Chief executive Michael O’Leary says profitability doubled over three years even though fares were reduced by 13%. Ryanair announced a record annual profit on Tuesday in a vindication of its strategy of cutting fares to boost market share, and said it planned to turn up the heat further on rivals.
Its warning to competitors came as British Airways was counting the cost of its huge IT failure last weekend that left 75,000 passengers stranded.
Ryanair, Europe’s largest airline by passenger numbers, has helped drive down short-haul ticket prices in Europe by increasing its capacity by 33% in the past two years.

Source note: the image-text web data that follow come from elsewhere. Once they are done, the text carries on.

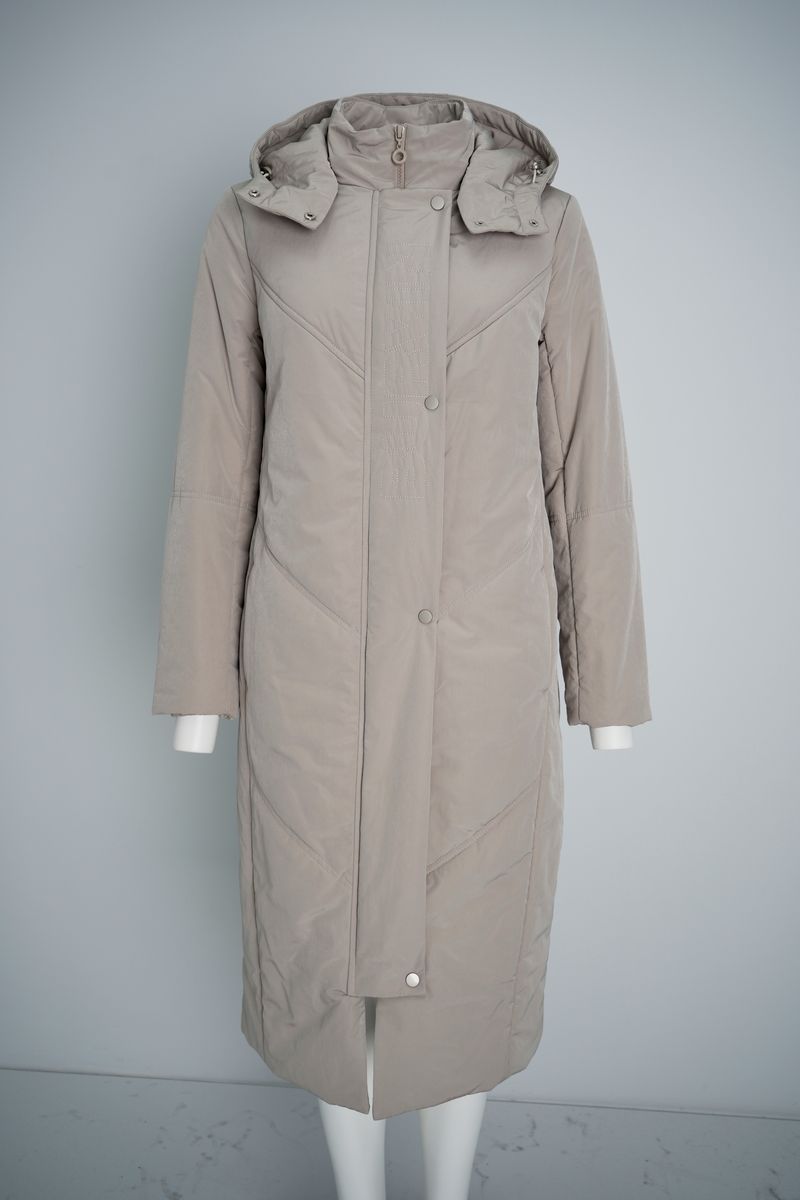 Женское пальто BURVIN 8715-61 1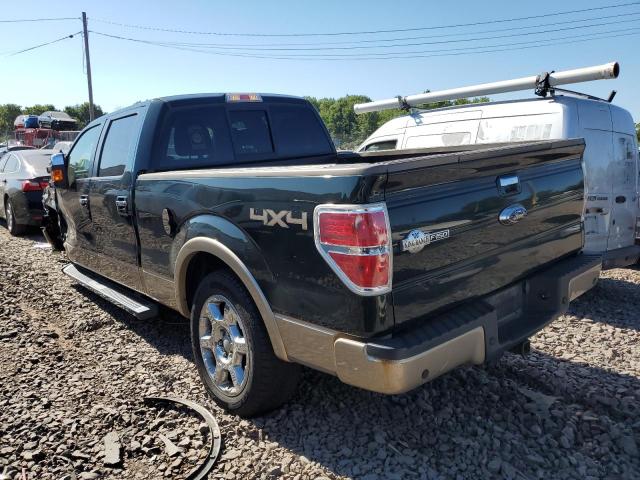 Photo 3 from auction – 2013 FORD F150 SUPER with VIN 1FTFW1ET4DKD74686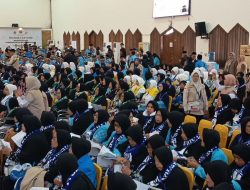 Menhaj Pastikan Administrasi Lengkap untuk 391 Jemaah Haji Kloter Pertama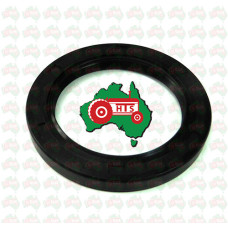 Fordson Disc Brake Seal OD 89.20mm, ID 62mm, Thickness 9.50mm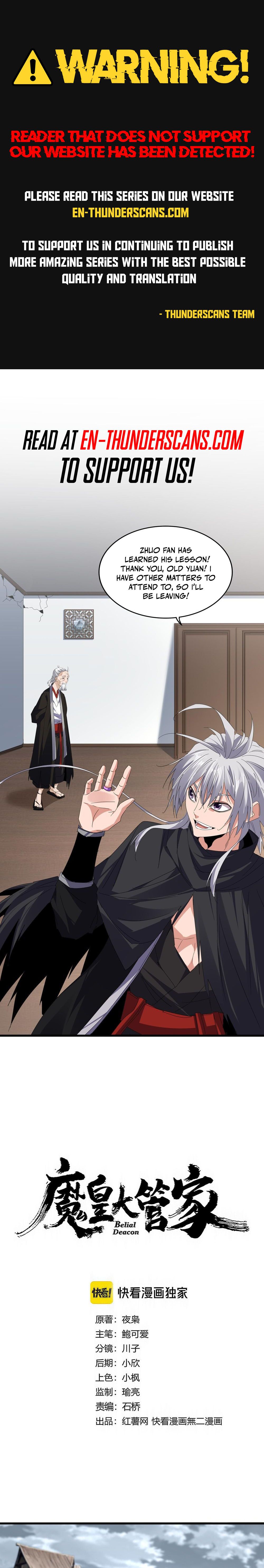 Magic Emperor Chapter 752 1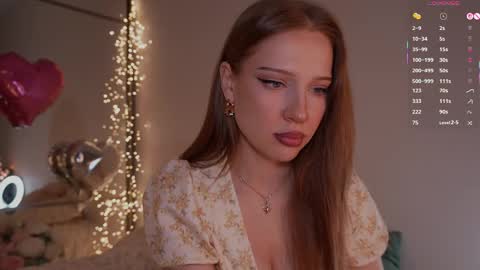 Sofia online show from April 25, 11:13 pm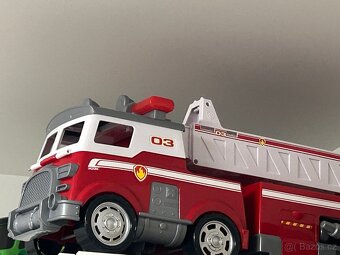 Hračky pro nejmenší od 50 Kč Fisher Price, Clementoni - 5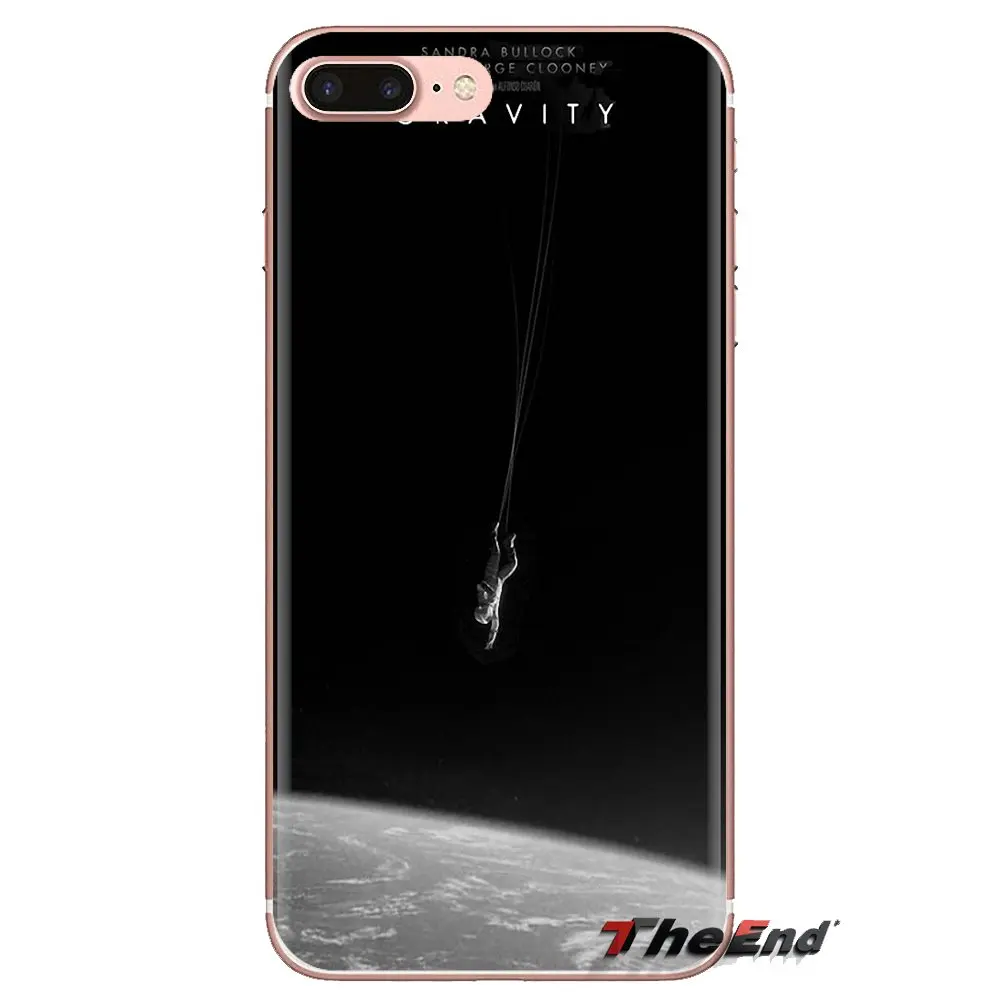Гравитационный фильм в космосе для LG Spirit Motorola Moto X4 E4 E5 G5 G5S G6 Z Z2 Z3 G2 G3 C Play Plus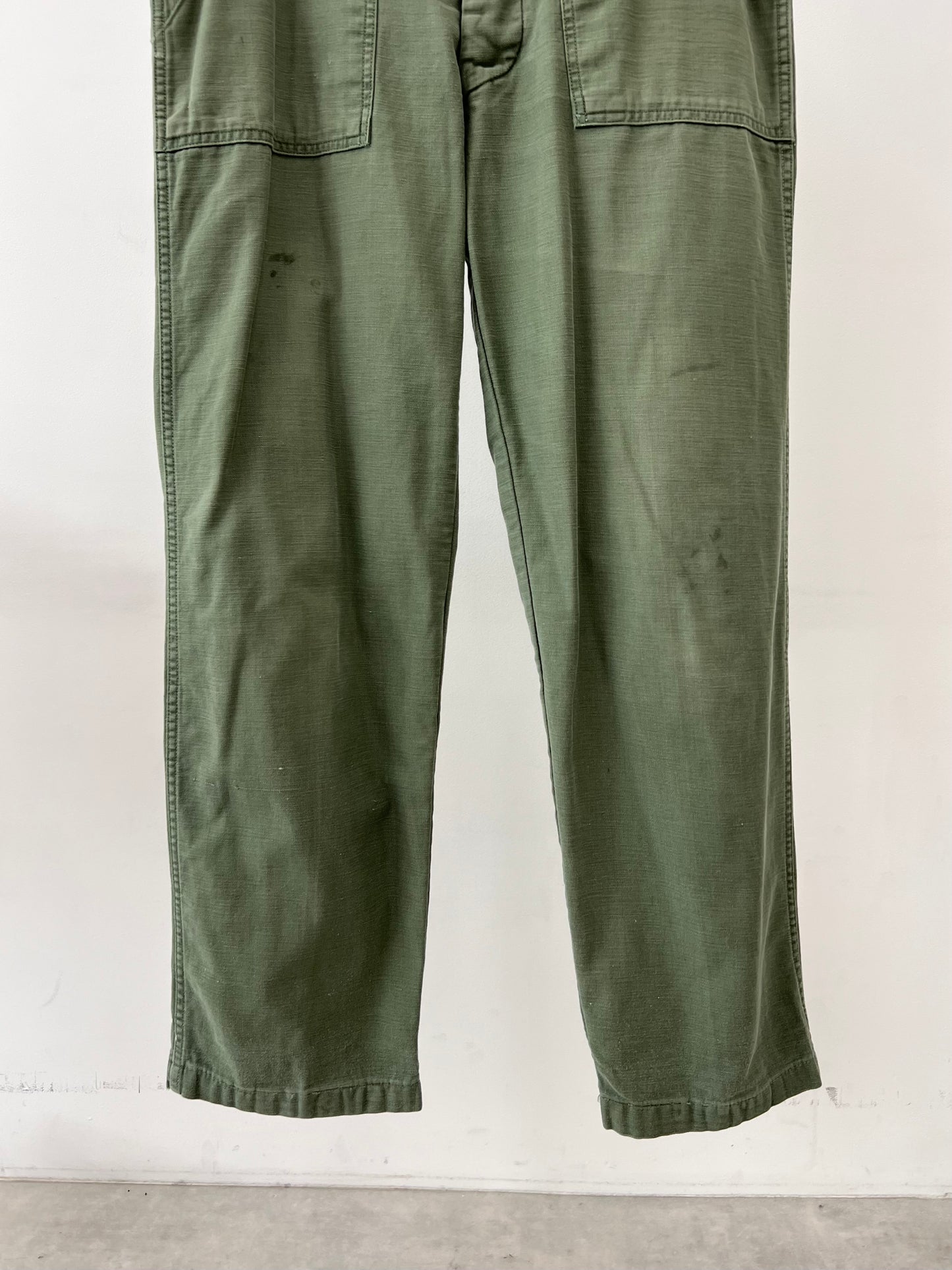 60's〜 US.ARMY utility pants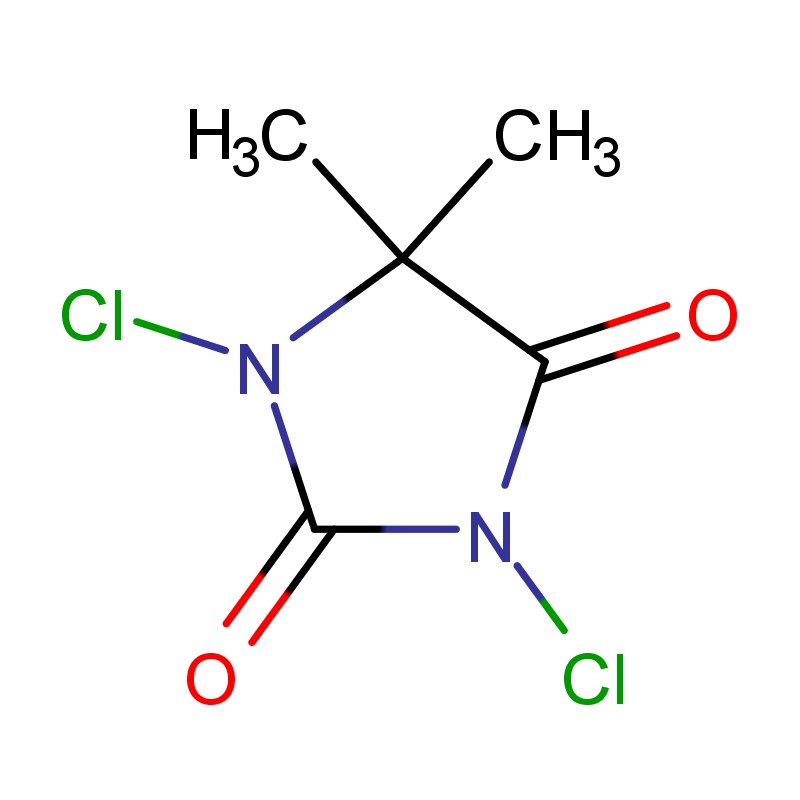 Dikloro-5,5-dimetüülhüdantoiin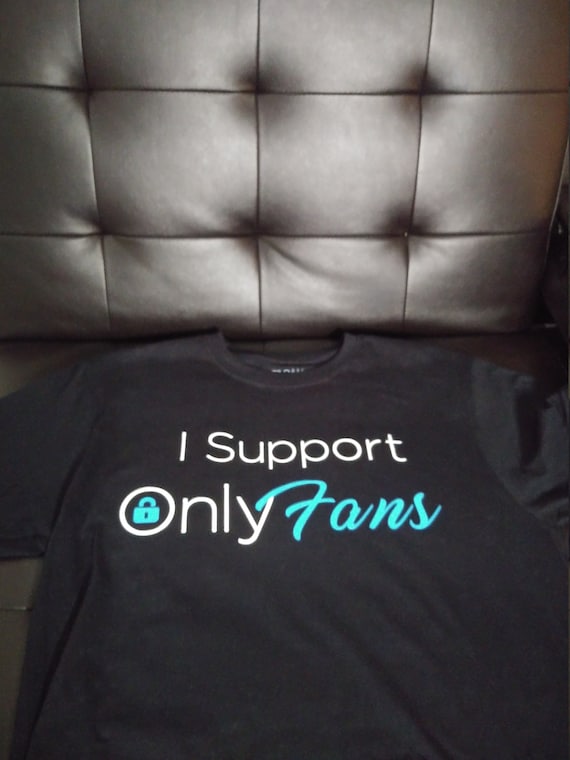 Onlyfans t shirts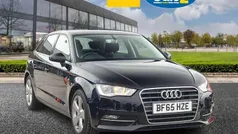 Used 2015 Audi A3 Sport Hatchback | £9,990 (Fair price)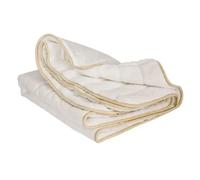 Sur-matelas Back on Track 180x200 Blanc 180x200 cm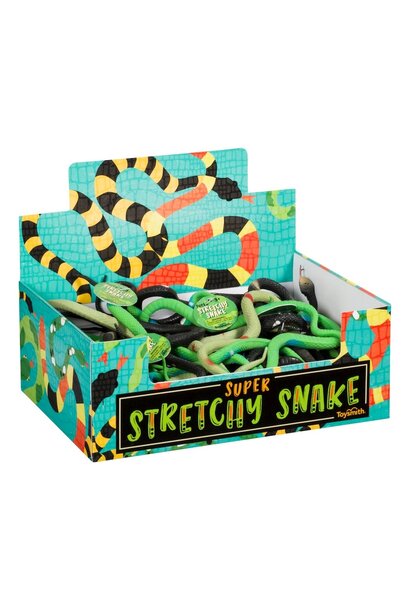 Super Stretchy Snake Small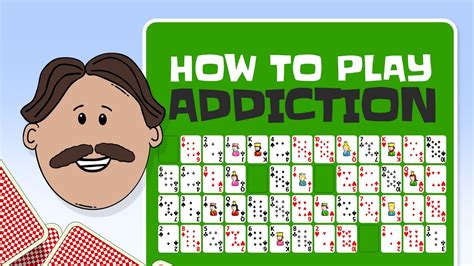 how to play addiction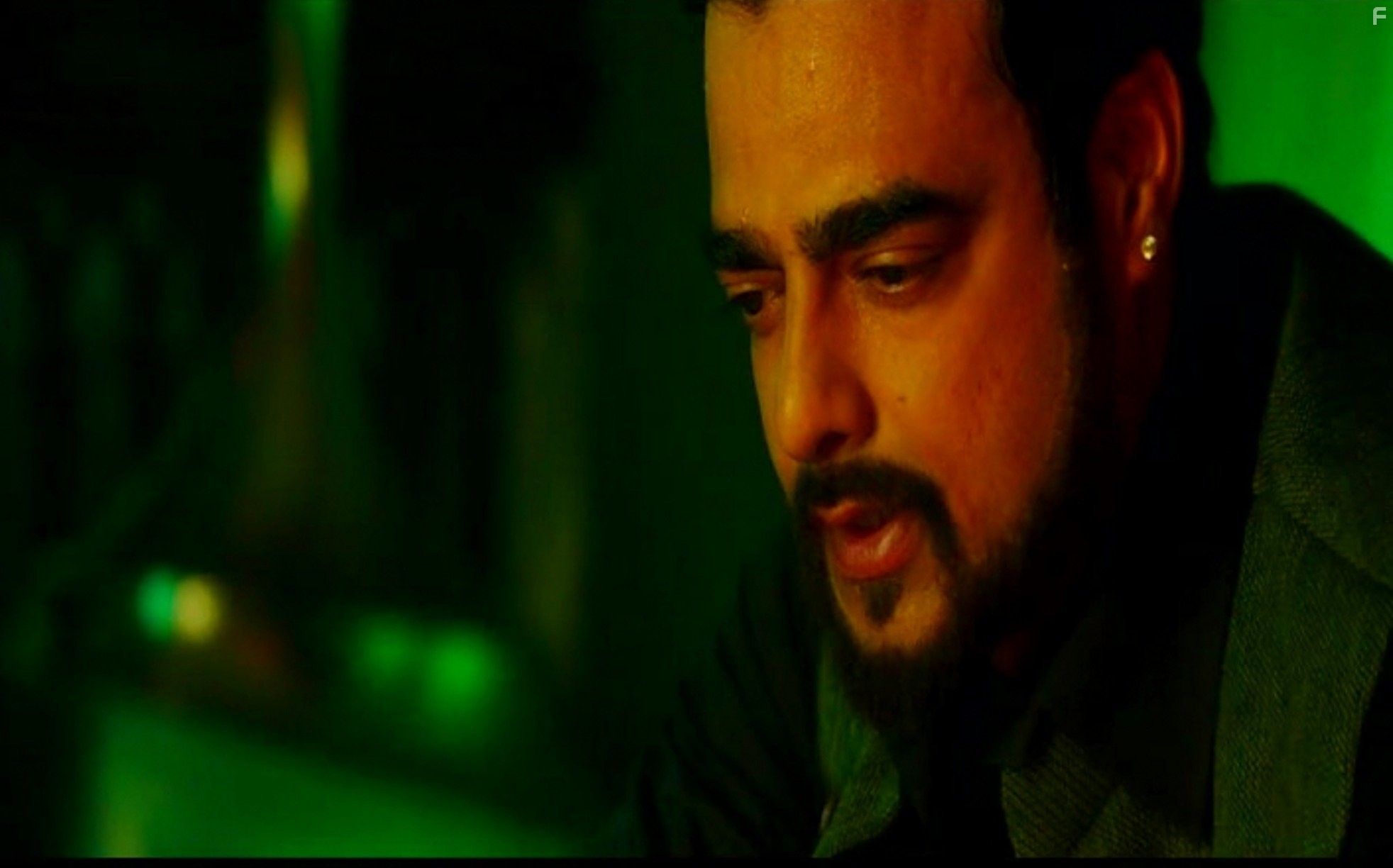 Взаимное притяжение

Its cost base, widely acknowledged as the lowest of Europe’s major carriers thanks to low plane purchase, maintenance and staff costs, has allowed it to undercut rivals while still making a profit.
The Irish airline made a profit after tax of €1.3bn (£1.1bn) in the year to the end of March, even though it slashed ticket prices to fill almost 14m seats added during the period.
Chief executive Michael O’Leary said fares had fallen 13% but profitability had doubled over three years. He added: “Frankly I see no reason why that trend won’t continue.”
The airline said that in the coming year, Ryanair would slow the pace of capacity growth to around 8%, or 10m seats, and he expects ticket prices to fall by 5% to 7%.